++++ Material for this exercise
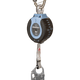 SRL personal DuraTech® de 6' con gancho de seguridad de acero, incluye mosquetón de conexión dorsal de acero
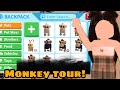 🐒📋Getting all the new monkey's! Monkey Tour! (Adopt me)📋🐒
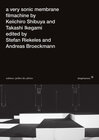 Buchcover A very sonic membrane
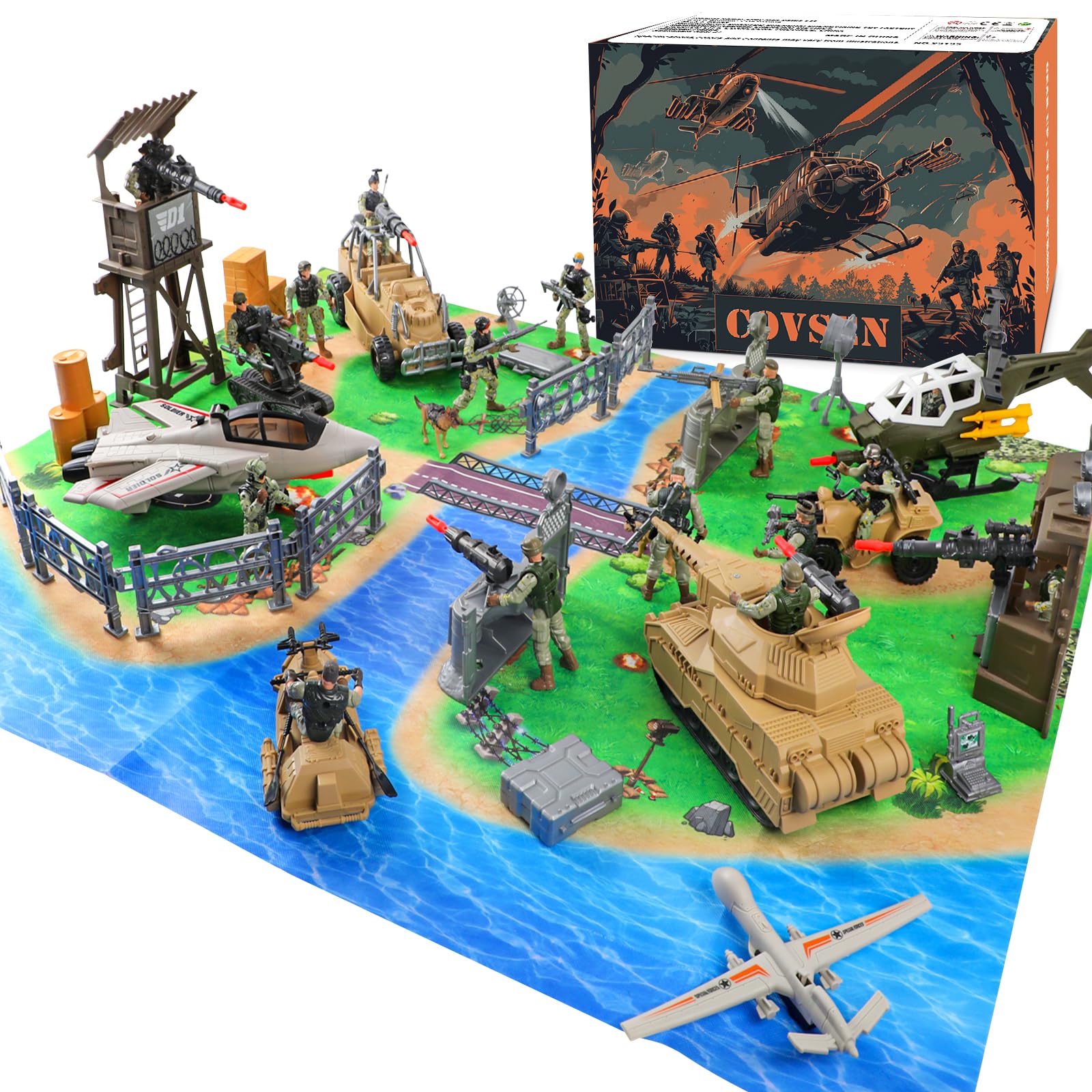 Covsen watchtower and fortifications for base-building adventures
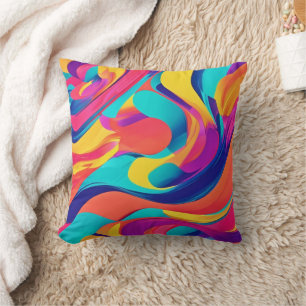Coussin L'art Abstrait en effervescence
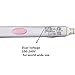 VAV Professional Hair Straightener 1in 3D Floating Plate Ceramic Flat Iron 284℉-446℉ Auto Shut-Off US Plug Rose Gold (mini size)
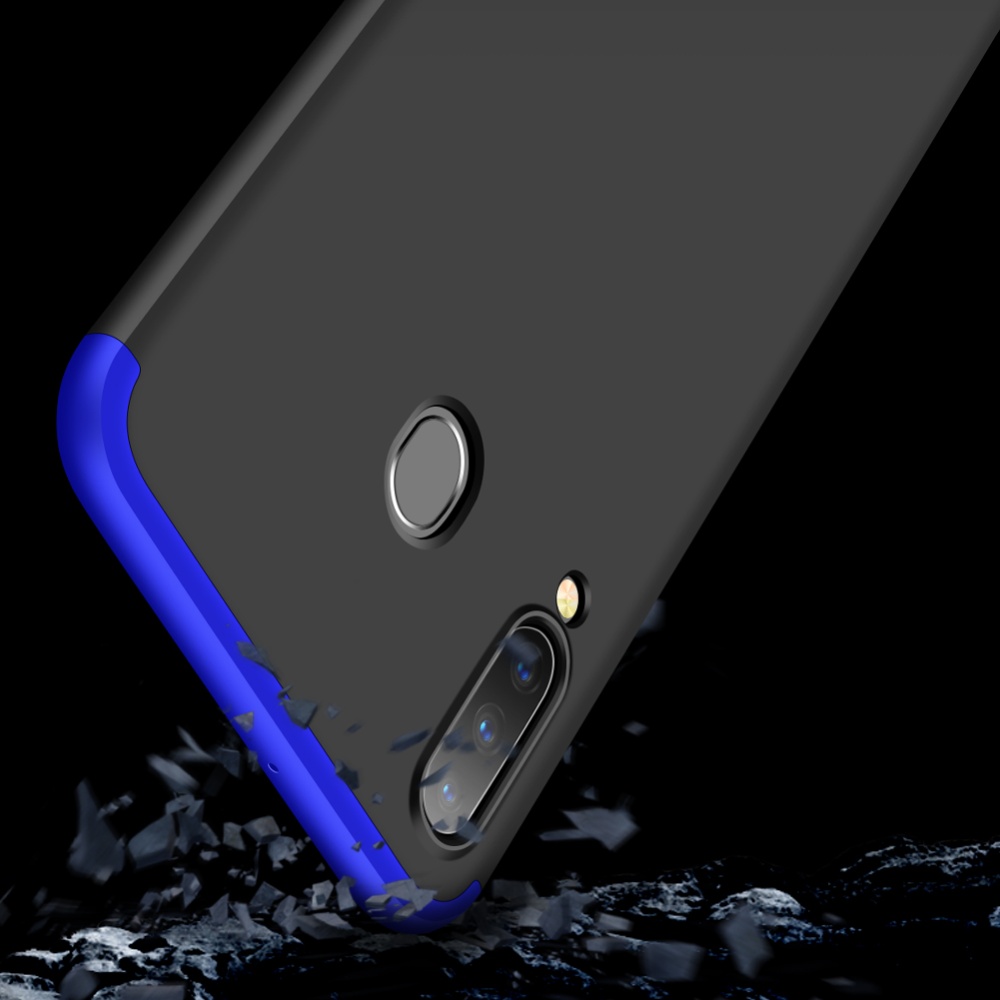 For Samsung M30 Ultra Slim PC Back Cover Non-slip Shockproof 360 Degree Full Protective Case Blue black blue - Image 3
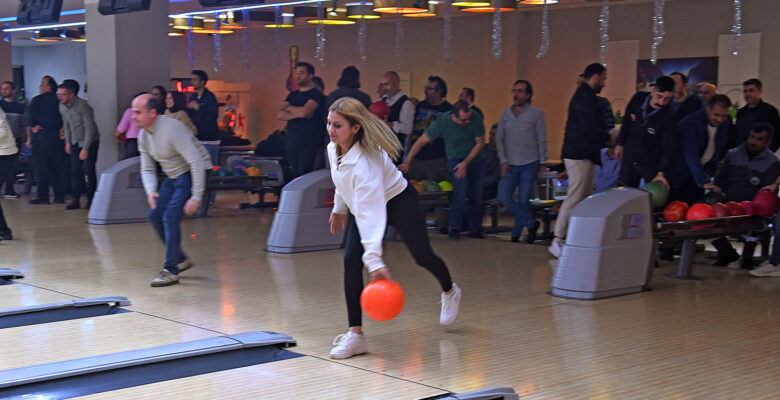 Osmangazi personelinin bowling heyecanı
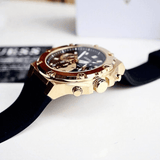 Guess Third Gear Multifunction Black Dial Black Rubber Strap Watch for Men - GW0334G2 Authentic Buy Shop Now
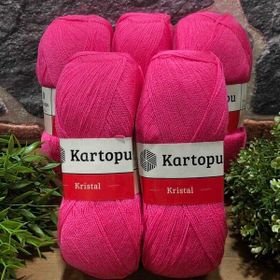 Kartopu K733 Pink Kristal El Örgü İpi
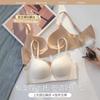 One-piece Fixed Cup Lace Underwear Women's No Steel Ring Small Chest Gathered Soft Support Upper Support Gathered Comfortable Bra Cover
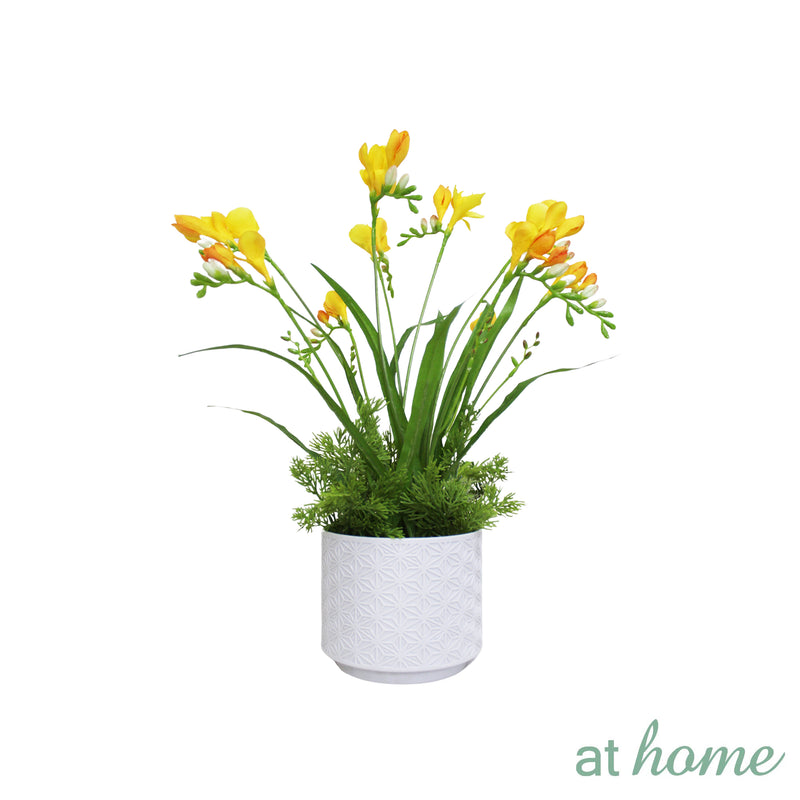 Horrace Freesia Artificial Potted Plant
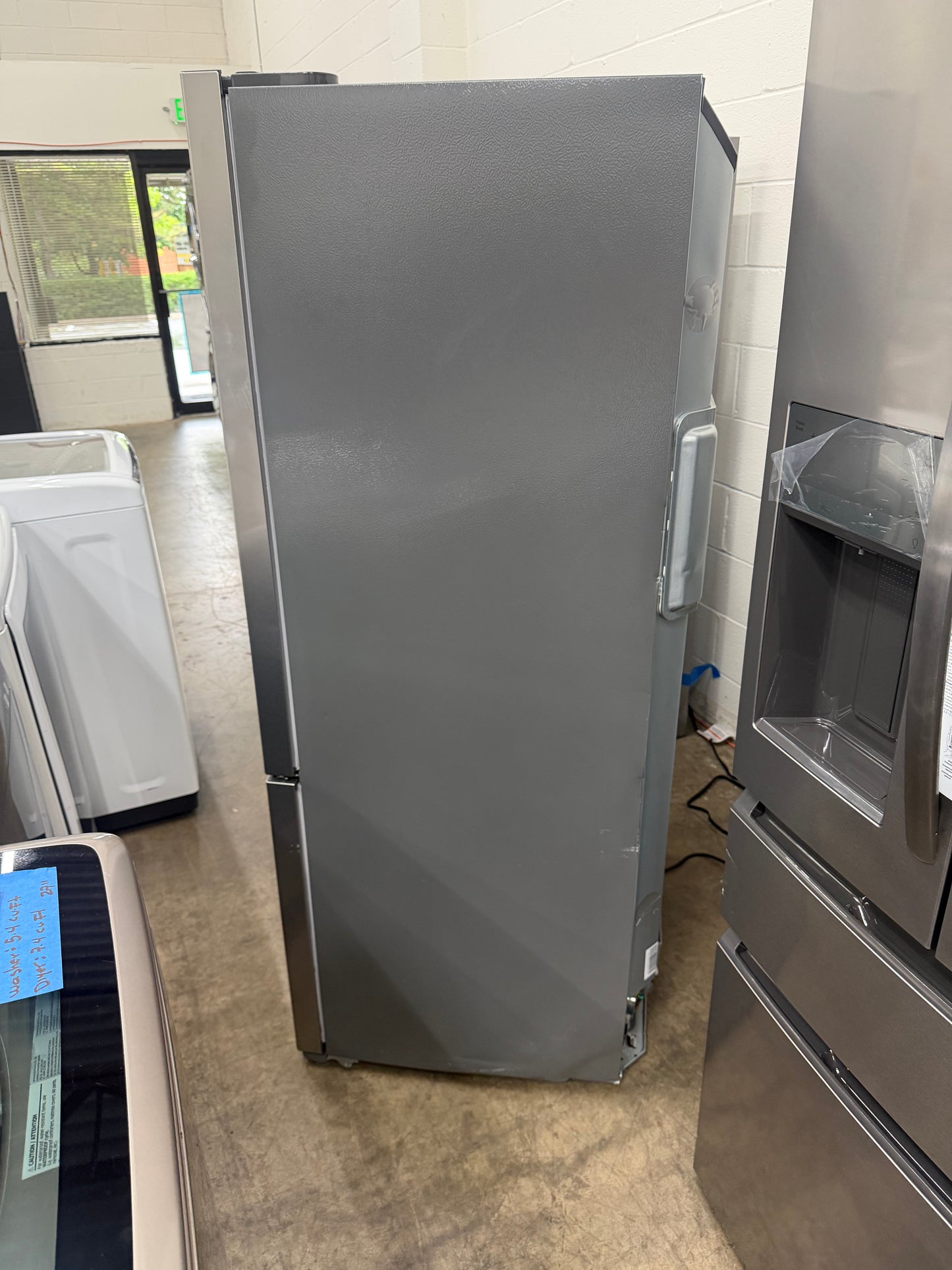 FRIGIDAIRE 31.5 in. 17.6 cu. ft. Counter Depth French Door Refrigerator, brushed steel Model # FRFG1723AV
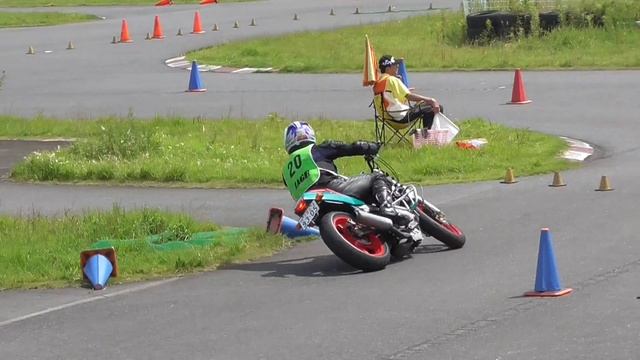 20160710 JAGE2 shimox 2H moto gymkhana Japan HONDA SPADA 250 смотреть онлайн
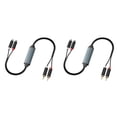 thumbnail image 1 of 2pcs 3.5mm Audio Isolator Audio Common Ground Isolator Aux Noise Reduction Filter with 2/2 Audio Cable for DVD TV Player, 1 of 6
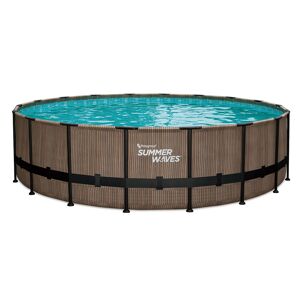 Frame-Pool-Set 'Elite' Ø 549 x 132 cm mit Einstiegsleiter und Filterpumpe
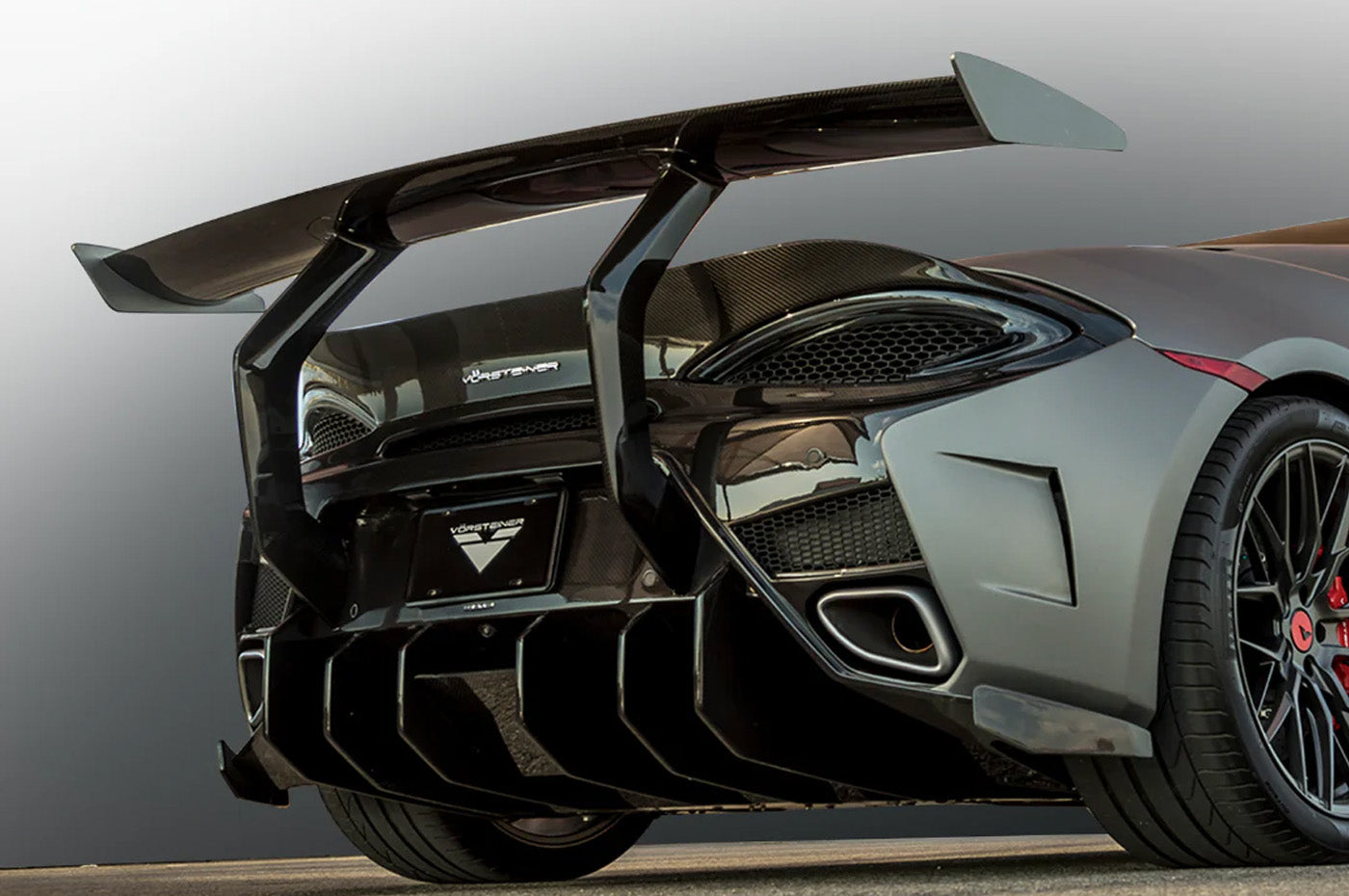 Vorsteiner McLaren 570S VX Aero Rear Bumper w/ Diffuser (MVR1140)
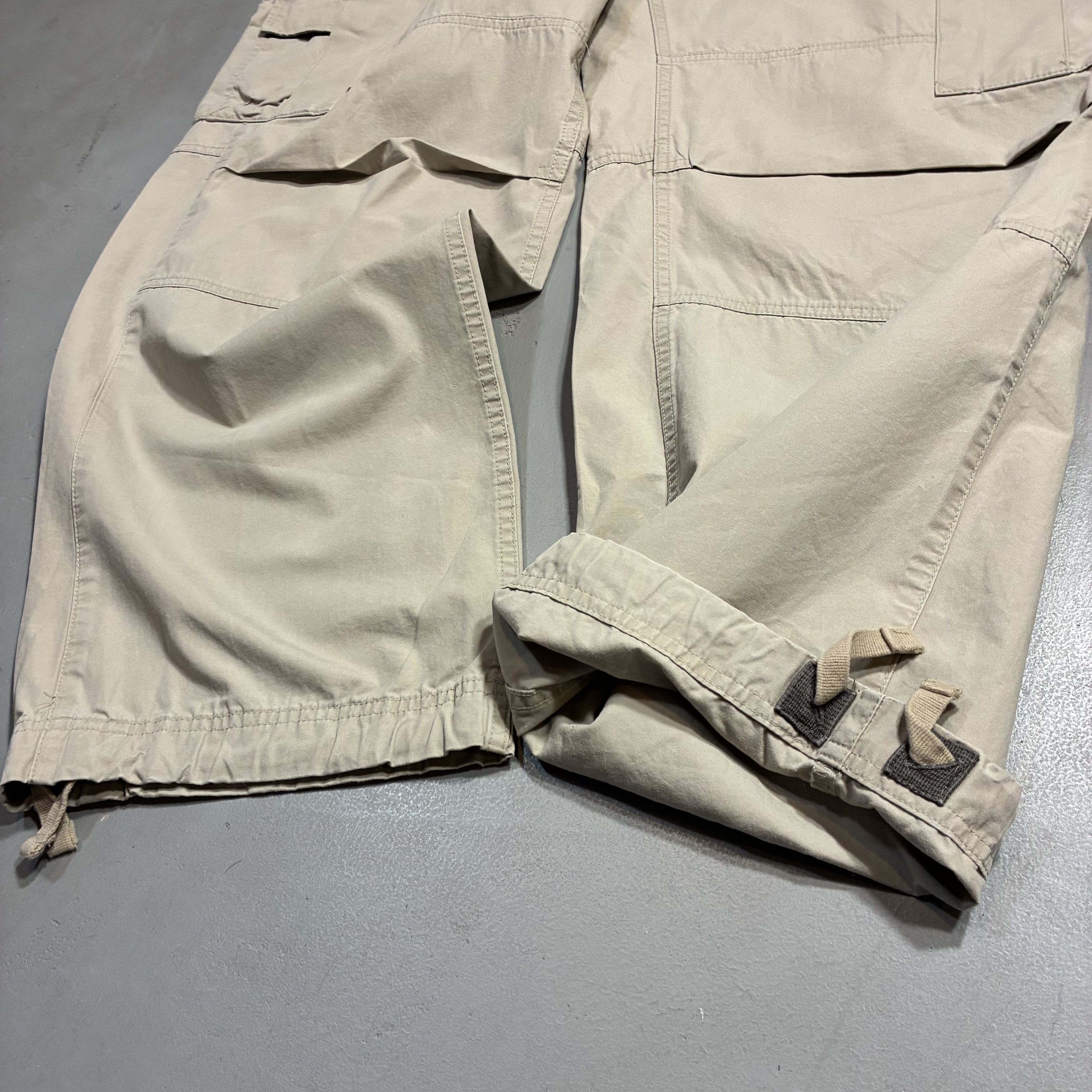 Gap Y2K Gap Loose Fit Baggy Khaki Cargo Pants Drawstring Size US 35 - 4 Thumbnail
++++++++
What is expected: Write the records out exactly once more, leaving off the pictures.

Response to this exercise:
 SRL personal DuraTech® de 6' con gancho de seguridad de acero, incluye mosquetón de conexión dorsal de acero
 🐒📋Getting all the new monkey's! Monkey Tour! (Adopt me)📋🐒
 Buchcover A very sonic membrane
 Covsen watchtower and fortifications for base-building adventures
Coussin L'art Abstrait en effervescence
 VAV Professional Hair Straightener 1in 3D Floating Plate Ceramic Flat Iron 284℉-446℉ Auto Shut-Off US Plug Rose Gold (mini size)
 For Samsung M30 Ultra Slim PC Back Cover Non-slip Shockproof 360 Degree Full Protective Case Blue black blue - Image 3
 Osmangazi personelinin bowling heyecanı
 Guess Third Gear Multifunction Black Dial Black Rubber Strap Watch for Men - GW0334G2 Authentic Buy Shop Now
 Kartopu K733 Pink Kristal El Örgü İpi
 One-piece Fixed Cup Lace Underwear Women's No Steel Ring Small Chest Gathered Soft Support Upper Support Gathered Comfortable Bra Cover
 Horrace Freesia Artificial Potted Plant
 FRIGIDAIRE 31.5 in. 17.6 cu. ft. Counter Depth French Door Refrigerator, brushed steel Model # FRFG1723AV
 20160710 JAGE2 shimox 2H moto gymkhana Japan HONDA SPADA 250 смотреть онлайн
 thumbnail image 1 of 2pcs 3.5mm Audio Isolator Audio Common Ground Isolator Aux Noise Reduction Filter with 2/2 Audio Cable for DVD TV Player, 1 of 6
 Frame-Pool-Set 'Elite' Ø 549 x 132 cm mit Einstiegsleiter und Filterpumpe
 Vorsteiner McLaren 570S VX Aero Rear Bumper w/ Diffuser (MVR1140)
 Gap Y2K Gap Loose Fit Baggy Khaki Cargo Pants Drawstring Size US 35 - 4 Thumbnail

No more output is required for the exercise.